→ PROBLEM TO SOLVE:
Only the pictures are to be left out; return the rest of the data exactly as it stands.

::: DATA PROVIDED

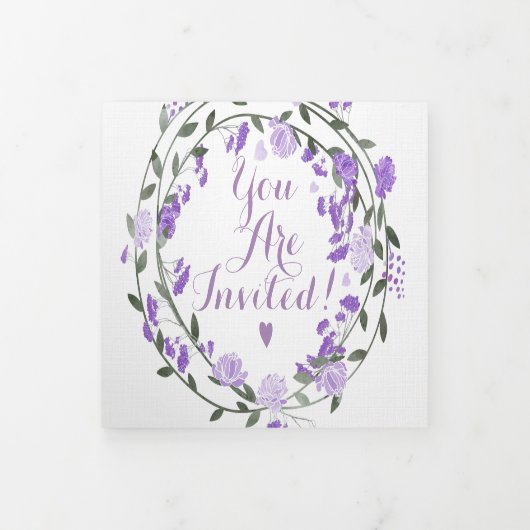 Elegante Paarse Pioen Bloemen Bruiloft Tri-Fold Drieluik Uitnodiging (Cover)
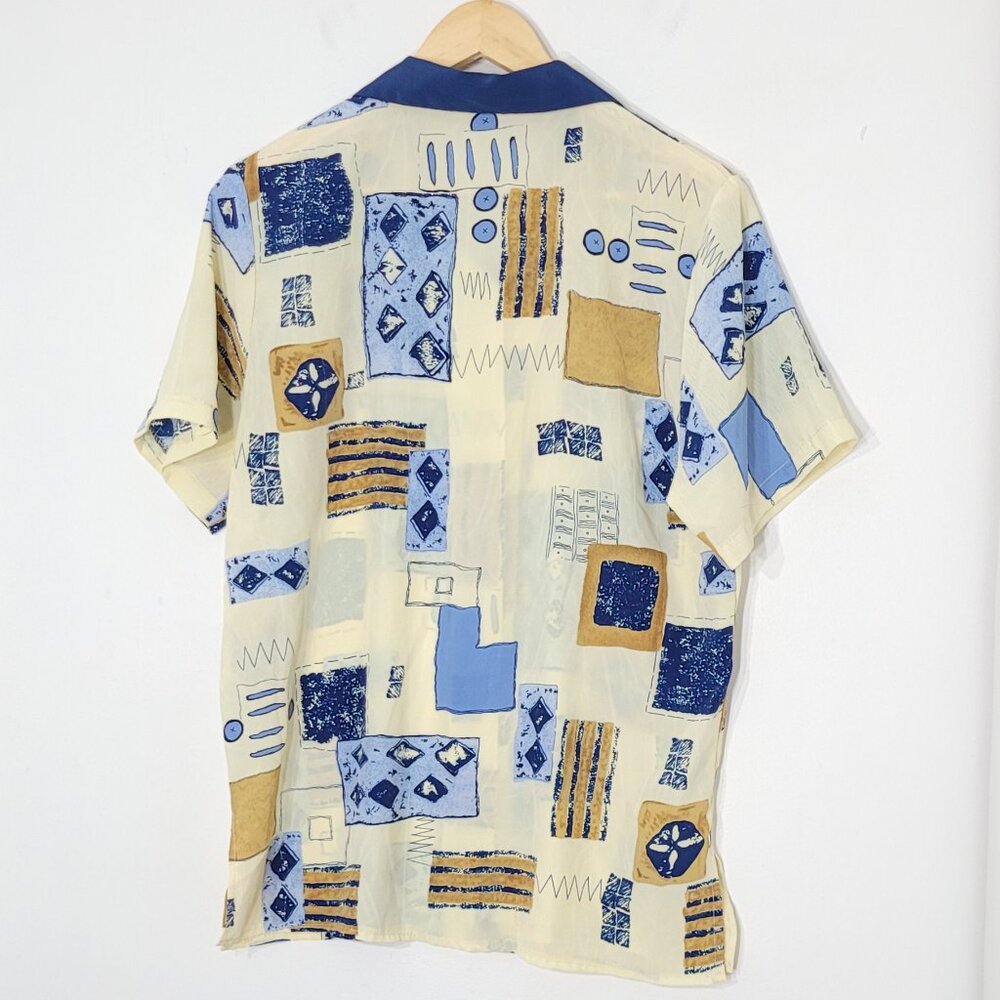 Vintage Unisex Abstract Yellow Blue Print Short Sleeve Button-Up Shirt Retro - Picture 8 of 11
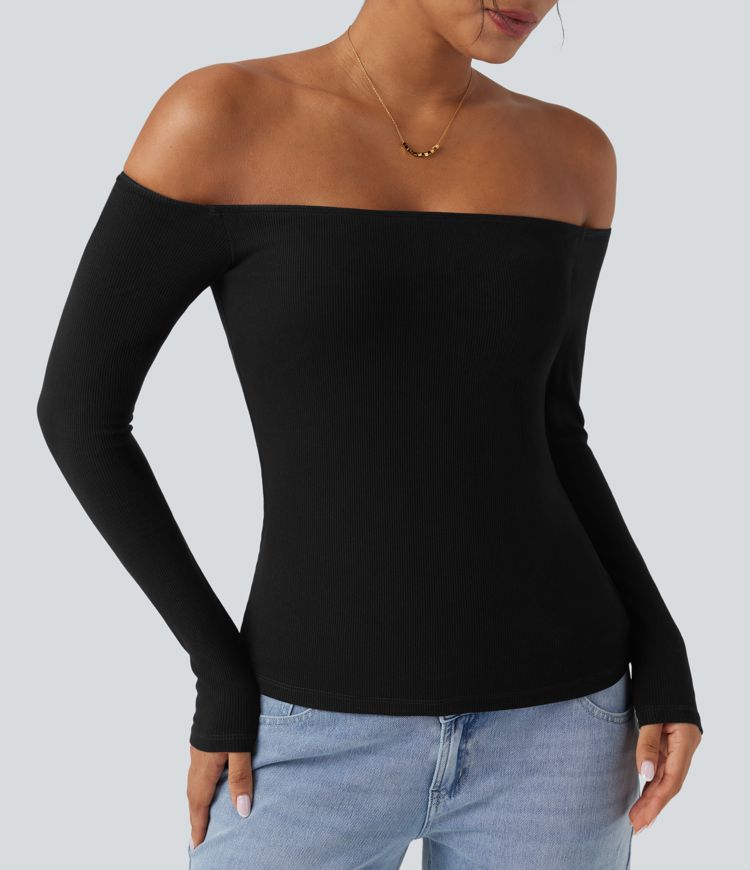 Haut décontracté 2-en-1 maille côtelée épaules dénudées manches longues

::::::

→ EXERCISE SOLUTION:
 Elegante Paarse Pioen Bloemen Bruiloft Tri-Fold Drieluik Uitnodiging (Cover)
 Vintage Unisex Abstract Yellow Blue Print Short Sleeve Button-Up Shirt Retro - Picture 8 of 11
 Haut décontracté 2-en-1 maille côtelée épaules dénudées manches longues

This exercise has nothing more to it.